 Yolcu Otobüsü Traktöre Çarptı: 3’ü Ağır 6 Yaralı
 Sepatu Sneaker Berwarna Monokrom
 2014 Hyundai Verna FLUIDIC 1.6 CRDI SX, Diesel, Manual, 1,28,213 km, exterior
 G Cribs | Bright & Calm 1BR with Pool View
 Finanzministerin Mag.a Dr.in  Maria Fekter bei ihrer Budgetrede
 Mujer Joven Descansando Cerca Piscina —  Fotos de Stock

How to complete this task: Each line of the data is to be retyped exactly.

Solution for this problem:
 Yolcu Otobüsü Traktöre Çarptı: 3’ü Ağır 6 Yaralı
 Sepatu Sneaker Berwarna Monokrom
 2014 Hyundai Verna FLUIDIC 1.6 CRDI SX, Diesel, Manual, 1,28,213 km, exterior
 G Cribs | Bright & Calm 1BR with Pool View
 Finanzministerin Mag.a Dr.in  Maria Fekter bei ihrer Budgetrede
 Mujer Joven Descansando Cerca Piscina —  Fotos de Stock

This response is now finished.